YOUR OBJECTIVE →
Counting only lines below that contain the string "viewer", give the total as a single number.

DATA UNDER STUDY →
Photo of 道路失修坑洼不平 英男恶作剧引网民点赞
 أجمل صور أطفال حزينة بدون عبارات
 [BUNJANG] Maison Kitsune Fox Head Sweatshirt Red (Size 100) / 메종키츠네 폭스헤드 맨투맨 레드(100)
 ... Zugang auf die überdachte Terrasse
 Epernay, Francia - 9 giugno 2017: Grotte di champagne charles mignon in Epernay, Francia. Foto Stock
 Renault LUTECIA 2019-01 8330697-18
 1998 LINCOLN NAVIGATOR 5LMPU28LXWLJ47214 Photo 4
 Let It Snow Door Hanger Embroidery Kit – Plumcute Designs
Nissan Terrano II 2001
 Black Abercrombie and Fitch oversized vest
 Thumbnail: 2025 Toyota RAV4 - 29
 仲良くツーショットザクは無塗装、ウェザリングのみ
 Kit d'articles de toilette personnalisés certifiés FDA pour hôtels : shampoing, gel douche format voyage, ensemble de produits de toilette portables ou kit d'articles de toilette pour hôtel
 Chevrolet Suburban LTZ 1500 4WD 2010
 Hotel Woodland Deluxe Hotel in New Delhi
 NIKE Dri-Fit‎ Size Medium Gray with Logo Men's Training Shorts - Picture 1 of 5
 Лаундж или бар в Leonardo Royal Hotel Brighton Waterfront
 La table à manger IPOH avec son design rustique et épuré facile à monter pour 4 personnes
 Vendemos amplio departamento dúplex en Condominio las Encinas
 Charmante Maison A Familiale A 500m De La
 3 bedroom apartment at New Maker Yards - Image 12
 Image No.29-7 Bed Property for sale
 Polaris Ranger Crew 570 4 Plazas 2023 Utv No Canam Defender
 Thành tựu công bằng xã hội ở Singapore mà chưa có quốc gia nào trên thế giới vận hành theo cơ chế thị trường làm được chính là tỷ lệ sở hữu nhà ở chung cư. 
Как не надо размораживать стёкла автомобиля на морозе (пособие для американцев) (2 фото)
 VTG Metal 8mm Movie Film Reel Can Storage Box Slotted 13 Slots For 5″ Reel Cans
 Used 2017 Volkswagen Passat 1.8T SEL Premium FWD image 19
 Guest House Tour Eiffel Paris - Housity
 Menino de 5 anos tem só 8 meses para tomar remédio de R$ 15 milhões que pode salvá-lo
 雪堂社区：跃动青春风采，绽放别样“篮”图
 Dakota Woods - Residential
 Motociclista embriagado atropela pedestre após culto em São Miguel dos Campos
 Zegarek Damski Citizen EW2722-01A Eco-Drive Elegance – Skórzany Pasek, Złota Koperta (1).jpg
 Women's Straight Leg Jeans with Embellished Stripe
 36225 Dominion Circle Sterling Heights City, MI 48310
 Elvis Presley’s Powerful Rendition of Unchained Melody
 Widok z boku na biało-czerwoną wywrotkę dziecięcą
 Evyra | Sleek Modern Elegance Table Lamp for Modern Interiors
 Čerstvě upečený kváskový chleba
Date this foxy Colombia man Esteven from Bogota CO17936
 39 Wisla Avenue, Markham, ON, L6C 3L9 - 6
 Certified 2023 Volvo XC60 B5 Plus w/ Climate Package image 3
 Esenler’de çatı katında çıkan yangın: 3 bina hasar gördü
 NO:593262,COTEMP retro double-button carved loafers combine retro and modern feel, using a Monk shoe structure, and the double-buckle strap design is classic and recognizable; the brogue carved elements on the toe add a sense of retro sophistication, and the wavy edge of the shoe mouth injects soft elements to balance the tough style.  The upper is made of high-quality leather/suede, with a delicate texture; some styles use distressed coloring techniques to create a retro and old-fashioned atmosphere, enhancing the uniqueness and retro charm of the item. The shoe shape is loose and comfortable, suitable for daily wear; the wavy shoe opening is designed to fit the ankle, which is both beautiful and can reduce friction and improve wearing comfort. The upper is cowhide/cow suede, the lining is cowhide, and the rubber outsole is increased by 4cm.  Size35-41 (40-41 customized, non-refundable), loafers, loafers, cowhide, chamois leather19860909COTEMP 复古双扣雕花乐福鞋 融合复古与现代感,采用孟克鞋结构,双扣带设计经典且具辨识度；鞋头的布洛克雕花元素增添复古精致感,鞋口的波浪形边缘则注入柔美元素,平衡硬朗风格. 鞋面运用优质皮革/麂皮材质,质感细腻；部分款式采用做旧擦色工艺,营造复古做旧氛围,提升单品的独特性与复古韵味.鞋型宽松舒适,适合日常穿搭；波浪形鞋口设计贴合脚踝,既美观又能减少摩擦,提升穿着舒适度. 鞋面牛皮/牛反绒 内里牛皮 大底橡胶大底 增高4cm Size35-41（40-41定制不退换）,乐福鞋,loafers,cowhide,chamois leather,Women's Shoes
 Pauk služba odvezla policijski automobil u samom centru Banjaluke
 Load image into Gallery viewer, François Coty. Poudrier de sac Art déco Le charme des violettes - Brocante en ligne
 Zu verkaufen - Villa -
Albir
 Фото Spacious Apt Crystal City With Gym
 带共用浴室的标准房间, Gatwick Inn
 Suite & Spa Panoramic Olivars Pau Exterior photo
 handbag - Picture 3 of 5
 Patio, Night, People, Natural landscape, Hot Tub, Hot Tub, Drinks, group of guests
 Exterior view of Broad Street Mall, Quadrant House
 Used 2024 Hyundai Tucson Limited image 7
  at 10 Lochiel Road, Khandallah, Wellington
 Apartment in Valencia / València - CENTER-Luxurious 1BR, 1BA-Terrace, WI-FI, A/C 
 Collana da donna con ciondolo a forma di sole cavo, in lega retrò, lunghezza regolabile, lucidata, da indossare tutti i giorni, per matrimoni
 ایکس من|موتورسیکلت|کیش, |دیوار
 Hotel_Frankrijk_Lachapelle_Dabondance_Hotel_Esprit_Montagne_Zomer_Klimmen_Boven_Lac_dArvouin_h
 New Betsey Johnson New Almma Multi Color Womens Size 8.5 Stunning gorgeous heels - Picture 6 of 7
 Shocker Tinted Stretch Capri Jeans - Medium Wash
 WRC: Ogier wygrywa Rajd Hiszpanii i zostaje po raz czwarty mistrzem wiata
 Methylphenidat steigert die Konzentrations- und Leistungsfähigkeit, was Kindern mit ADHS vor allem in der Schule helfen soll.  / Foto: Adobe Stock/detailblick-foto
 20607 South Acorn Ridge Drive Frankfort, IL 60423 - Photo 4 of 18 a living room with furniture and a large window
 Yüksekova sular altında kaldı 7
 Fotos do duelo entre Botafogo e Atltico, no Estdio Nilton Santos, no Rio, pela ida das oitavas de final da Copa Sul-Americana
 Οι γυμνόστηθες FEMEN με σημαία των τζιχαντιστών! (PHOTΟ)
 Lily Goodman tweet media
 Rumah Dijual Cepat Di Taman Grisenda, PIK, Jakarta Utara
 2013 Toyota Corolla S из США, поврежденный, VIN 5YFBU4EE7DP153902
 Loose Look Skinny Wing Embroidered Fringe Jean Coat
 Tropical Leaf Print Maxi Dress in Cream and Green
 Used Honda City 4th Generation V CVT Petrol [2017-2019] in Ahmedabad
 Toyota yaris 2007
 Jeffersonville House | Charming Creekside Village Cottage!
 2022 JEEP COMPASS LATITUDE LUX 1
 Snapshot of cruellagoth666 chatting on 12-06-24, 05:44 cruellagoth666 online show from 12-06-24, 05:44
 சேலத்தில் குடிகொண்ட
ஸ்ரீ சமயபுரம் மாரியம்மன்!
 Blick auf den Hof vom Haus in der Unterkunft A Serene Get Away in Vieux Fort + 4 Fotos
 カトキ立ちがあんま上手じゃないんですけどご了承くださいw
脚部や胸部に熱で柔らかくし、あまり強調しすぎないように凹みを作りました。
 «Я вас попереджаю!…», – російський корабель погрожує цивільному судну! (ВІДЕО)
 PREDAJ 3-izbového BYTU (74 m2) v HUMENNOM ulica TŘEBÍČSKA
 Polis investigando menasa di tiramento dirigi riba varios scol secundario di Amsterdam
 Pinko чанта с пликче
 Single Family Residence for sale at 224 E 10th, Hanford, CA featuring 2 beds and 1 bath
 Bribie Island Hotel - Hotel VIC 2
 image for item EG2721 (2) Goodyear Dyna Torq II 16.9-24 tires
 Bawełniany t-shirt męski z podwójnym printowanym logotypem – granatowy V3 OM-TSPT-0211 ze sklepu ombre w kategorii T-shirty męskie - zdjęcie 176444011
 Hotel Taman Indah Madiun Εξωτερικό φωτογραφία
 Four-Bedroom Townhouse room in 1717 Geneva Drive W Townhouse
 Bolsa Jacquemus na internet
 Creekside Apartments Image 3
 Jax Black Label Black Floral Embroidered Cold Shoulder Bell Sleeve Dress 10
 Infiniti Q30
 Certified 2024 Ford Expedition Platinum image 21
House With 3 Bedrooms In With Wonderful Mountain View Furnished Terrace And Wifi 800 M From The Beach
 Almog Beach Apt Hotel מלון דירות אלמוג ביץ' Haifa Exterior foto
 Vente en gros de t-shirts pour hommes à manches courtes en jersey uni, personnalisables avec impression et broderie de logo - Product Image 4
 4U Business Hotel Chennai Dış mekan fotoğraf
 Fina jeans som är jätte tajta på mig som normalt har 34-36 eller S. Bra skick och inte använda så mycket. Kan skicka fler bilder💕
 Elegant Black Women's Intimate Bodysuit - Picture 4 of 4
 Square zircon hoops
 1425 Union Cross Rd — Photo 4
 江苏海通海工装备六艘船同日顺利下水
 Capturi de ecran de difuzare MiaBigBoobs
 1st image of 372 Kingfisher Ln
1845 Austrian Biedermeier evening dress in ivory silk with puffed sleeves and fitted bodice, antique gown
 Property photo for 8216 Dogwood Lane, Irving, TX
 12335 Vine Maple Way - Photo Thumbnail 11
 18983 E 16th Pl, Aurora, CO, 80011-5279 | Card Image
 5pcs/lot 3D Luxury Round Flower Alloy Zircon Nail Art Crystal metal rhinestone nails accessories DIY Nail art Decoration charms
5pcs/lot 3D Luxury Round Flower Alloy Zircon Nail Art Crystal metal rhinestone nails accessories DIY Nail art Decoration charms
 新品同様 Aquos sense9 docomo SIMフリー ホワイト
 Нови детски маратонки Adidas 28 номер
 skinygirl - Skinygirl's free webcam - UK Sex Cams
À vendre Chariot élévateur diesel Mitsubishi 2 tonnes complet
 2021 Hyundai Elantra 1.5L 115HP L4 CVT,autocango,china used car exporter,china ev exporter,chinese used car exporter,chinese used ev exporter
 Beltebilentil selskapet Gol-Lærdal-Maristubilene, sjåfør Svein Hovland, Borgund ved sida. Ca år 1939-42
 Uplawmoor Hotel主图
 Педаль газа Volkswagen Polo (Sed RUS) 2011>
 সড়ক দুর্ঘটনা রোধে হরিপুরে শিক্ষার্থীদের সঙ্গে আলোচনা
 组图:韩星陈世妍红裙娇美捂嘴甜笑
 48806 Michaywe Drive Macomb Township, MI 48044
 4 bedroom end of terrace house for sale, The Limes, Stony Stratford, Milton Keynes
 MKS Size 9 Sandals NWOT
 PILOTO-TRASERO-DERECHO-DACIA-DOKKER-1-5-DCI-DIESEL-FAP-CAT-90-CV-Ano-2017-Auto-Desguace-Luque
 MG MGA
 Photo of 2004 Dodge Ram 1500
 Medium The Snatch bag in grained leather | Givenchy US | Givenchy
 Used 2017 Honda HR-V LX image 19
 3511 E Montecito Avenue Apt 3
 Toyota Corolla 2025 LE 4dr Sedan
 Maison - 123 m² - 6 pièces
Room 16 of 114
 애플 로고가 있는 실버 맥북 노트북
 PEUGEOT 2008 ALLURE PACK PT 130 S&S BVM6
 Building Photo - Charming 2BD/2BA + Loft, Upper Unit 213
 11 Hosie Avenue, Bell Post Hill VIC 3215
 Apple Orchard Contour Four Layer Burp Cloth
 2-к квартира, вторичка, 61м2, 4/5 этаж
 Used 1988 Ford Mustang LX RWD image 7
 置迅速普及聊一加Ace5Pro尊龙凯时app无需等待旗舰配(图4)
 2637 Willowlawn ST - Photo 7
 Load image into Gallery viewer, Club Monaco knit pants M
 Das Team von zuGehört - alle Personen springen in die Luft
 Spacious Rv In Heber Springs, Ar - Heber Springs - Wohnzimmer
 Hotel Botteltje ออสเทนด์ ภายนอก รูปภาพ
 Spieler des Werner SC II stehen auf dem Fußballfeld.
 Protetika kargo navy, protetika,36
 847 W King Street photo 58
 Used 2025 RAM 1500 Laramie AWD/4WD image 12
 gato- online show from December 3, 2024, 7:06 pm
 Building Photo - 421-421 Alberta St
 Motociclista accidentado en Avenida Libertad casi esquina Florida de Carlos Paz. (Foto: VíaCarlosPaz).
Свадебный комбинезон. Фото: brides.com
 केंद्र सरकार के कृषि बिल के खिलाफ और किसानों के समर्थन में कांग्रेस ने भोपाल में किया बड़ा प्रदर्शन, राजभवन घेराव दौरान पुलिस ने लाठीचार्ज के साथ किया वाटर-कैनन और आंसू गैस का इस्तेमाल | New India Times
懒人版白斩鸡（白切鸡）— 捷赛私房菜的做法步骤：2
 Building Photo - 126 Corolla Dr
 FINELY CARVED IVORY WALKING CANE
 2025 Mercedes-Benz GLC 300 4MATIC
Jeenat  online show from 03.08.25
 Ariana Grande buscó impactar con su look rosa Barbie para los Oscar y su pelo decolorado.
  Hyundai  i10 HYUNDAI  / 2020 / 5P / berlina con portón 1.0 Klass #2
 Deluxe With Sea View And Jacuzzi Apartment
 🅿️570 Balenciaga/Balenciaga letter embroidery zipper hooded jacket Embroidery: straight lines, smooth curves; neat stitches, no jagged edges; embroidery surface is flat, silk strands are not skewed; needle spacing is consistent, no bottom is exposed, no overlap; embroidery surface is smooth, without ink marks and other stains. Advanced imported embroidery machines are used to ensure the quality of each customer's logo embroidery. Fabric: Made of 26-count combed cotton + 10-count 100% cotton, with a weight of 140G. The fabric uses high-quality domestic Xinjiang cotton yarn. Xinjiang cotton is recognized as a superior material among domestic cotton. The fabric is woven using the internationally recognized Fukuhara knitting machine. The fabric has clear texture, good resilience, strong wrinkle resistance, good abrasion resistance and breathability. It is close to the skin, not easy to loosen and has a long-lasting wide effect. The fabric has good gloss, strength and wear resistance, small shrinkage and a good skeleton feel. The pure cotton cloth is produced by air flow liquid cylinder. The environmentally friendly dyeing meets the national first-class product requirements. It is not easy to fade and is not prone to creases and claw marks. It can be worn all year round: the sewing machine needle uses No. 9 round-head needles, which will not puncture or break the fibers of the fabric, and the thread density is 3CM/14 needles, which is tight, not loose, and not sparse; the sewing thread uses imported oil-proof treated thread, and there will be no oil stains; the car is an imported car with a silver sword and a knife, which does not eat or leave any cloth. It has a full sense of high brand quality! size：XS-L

COMPLETED TASK →
2